A lot of people think that all used cars have a specific value and they can learn this by looking it up in the “Blue Book” or some other used car wholesale book. Nothing could be further from the truth. The wholesale books that dealers use and those that are available online to consumers have varying degrees of accuracy, but you can’t rely on a book tell you the best price at which you can sell or trade in your car. The most accurate book is the Manheim Auto Guide because it’s based on the latest wholesale auctions nationwide and it’s updated weekly and daily online. The least accurate book is the NADA guide which relies solely on surveys sent to dealers. The dealers exaggerate the wholesale value of their make to make it easier to take in trades.
All of the wholesale books, except NADA, are based on prices of cars sold at auction. However, you must understand that those prices don’t give you an accurate price that you should expect for your trade. A car sells at an auction for the price offered by the highest bidder if the seller chooses to accept that bid. I often don’t sell my used cars to the highest bidder that week because I might get a much higher price the next week. Lots of things affect the level of prices at a car auction…the weather, holidays, bribing the auctioneer and bribing the buyers. On a cold, rainy day when few dealers show up to buy or sell cars, prices are lower as well as shortly before and after holidays. Sometimes it happens that a buyer “greases the palm“ of the auctioneer so that he “doesn’t hear” (fast gavel) the higher bid from another dealer who bids higher than the dealer who has let the auctioneer know the price at which he wants to buy the car. Sometimes the sellers pay the buyers cash under the table to bid an unrealistically high price for their car. A car doesn’t even have to go through the auction block for the owner to believe it was “sold at the auction”. Buyers and sellers can make a deal before it goes “through the block”…very cozy, only one bidder. Why would they do that? Often the buyers and sellers are employed by the dealer who actually owns the car. The used car manager or wholesale buyer employed by the dealer might pay $2,000 too much for a car if he can earn $500 cash in his pocket from the seller. His boss, the dealer, is never the wiser. Let me hasten to add that the Manheim auctions are very careful to police these kinds of shenanigans and never encourage them. However, as in every large organization (Manheim is the auto auction in the world), there are a few rotten apples.

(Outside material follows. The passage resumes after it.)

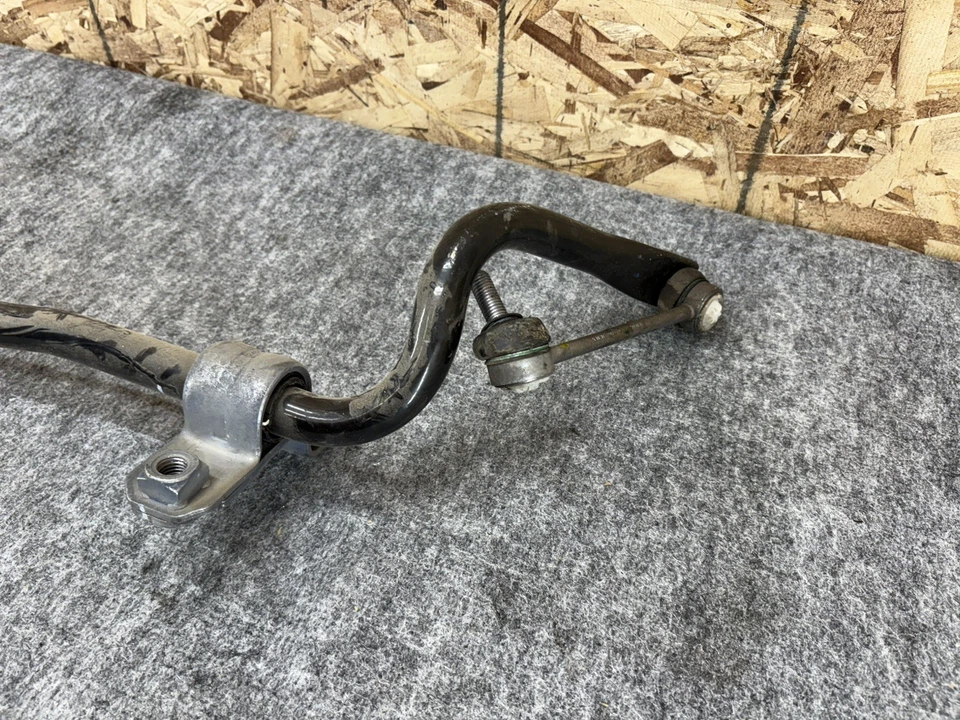 沃尔沃 S60 2019 - 2024 前挡板 SWAY ANTI ROLL BAR 原始设备制造商 — 第 2/4 张图片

OK, then if the books are wrong and the auctions are wrong, then surely the car dealer must know the value of my trade-in….WRONG AGAIN. I have a little “test” on used car appraisal knowledge that I administer to my sales managers from time to time. By the way, my managers are among the most knowledgeable and competent anywhere. This isn’t just my opinion but that of all of their peers in this market. My test goes like this. Without prior notice I randomly select a car from among the 100 or so that come into my service department each day. I ask each of my 8 mangers individually to appraise this car for what they think the current wholesale market value is. They keep their appraisal secret from the others and write it down on a piece of paper and hand it to me. I’ve been doing this for 30 or more years and I’ve never had a variance in appraisals of less than $3,000. Some have been greater than $10,000! The reason I do this is to remind all of my mangers of exactly what I’m explaining in this article….Nobody knows the exact value of a used car. That’s important to my managers because under appraising a used car can cost us a sale. Over appraising a used car can cost us a wholesale loss at the auto auction. Therefore we always check and recheck our appraisals and go so far as to call other dealers and even put cars on Ebay. Another good reason not to accept only one dealer’s appraisal is that dealers will often knowingly undervalue your trade-ink, especially if you’ve negotiated a very low price for your new car. The dealer vernacular for his is “stealing the trade”.
Now that we’ve established that nobody has any idea what your trade-in is worth, what does that mean to you? It means you should stop worrying about getting an accurate appraisal because there’s no such thing. However, what you should positively insist on is getting the highest appraisal. In fact, you should hope that the guy who gave you the highest appraisal was very inaccurate and made a huge mistake that will cost his dealership a large wholesale loss at the auction. You accomplish this by never accepting only the appraisal by the car dealer from whom you’re buying your next car. Before you allow him to appraise your car, you should get at least two other bids from dealers of the make of car you are buying. For example, a Ford dealer will usually appraise a Ford for more than a Honda dealer because more people wanting to buy a used Ford will shop the larger selection at a Ford dealer. Deal directly with the used car department at these other dealerships. Tell the used car manager that you need to sell your car for cash and that you’re getting two more bids from two other dealers. If you have the time to get more than two more bids it’s even better. Another good place to get a bid on your used car is from CarMax, the largest retailer of used cars in the world. They buy lots of cars directly from owners even when they don’t buy a car from CarMax. Their prices are sometimes higher than dealers will offer you.
After you determine the highest bidder, if it’s not the dealer from whom you’re buying, give him the right of last refusal. If he can match the price from his competitor, you save the sales tax on the price of your trade.